I have a longstanding interest in understanding the molecular underpinnings of the development of human immune responses in health and disease. I have chosen to use the genetic disease model of Wiskott-Aldrich syndrome (WAS) to determine the partners and pathways of WAS protein (WASp) participation in the regulation of CD4 T helper cell differentiation and the development of T cell adaptive immunity. In order to clarify WASp’s role in immune regulation in health, and immune dysregulation in WAS, I have taken the complementary approach of investigating the functions of WASp from both vantage points, i.e. cytoplasm and nucleus. Research from my laboratory was essential in revealing for the first time a novel nuclear function for WASp in the transcriptional regulation of Th1 differentiation through its effect on epigenetic modifications at the TBET gene-promoter locus.
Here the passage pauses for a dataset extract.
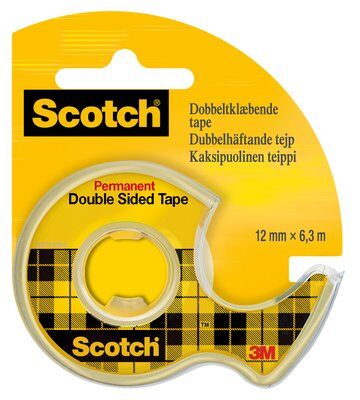 Teippi 12mm/6,3m SCOTCH 136D - Double-sided Tapes and Mounting Adhesive - 104555 - 1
Since that time, we have been actively involved in further understanding how WASp associates with and regulates protein pathways and gene networks that control development of protective type-1 immunity. Current research, which builds on our novel finding, seeks to explicate the molecular mechanism of WASp’s nuclear transport and its role on impacting Th1 differentiation. To this end, we have established a strong group of collaborators who are outstanding immunologists and chromatin biologists from around the country and abroad who already collaborate with us on the WAS studies funded through my previous R01 and R21 awards. Through the studies supported by the NIH funds and other competitive private foundation grants including American Society of Hematology and US Immune Deficiency Network, my laboratory has accumulated extensive expertise in many state-of-the-art biochemical and imaging techniques, including developing novel experimental strategies (microChIP assays), as is demonstrated in our publications. We continue the research work that is at the core of understanding nuclear versus cytoplasmic roles of WASp in Th1 gene transcription and Th1 differentiation. Recently, we have made a provocative observation that loss of WASp trigger DNA-RNA hybrid structures called R loops. We plan to explicate WASp role in the formation and dissolution of co-transcriptional DNA-RNA hybrids, focusing on how 5’ promoter dysfunction and 3’ RNA Pol II elongation dysfunction cause R loops in WASp-deficient T cells. Our studies will have direct implications to the better design of therapeutics in WAS.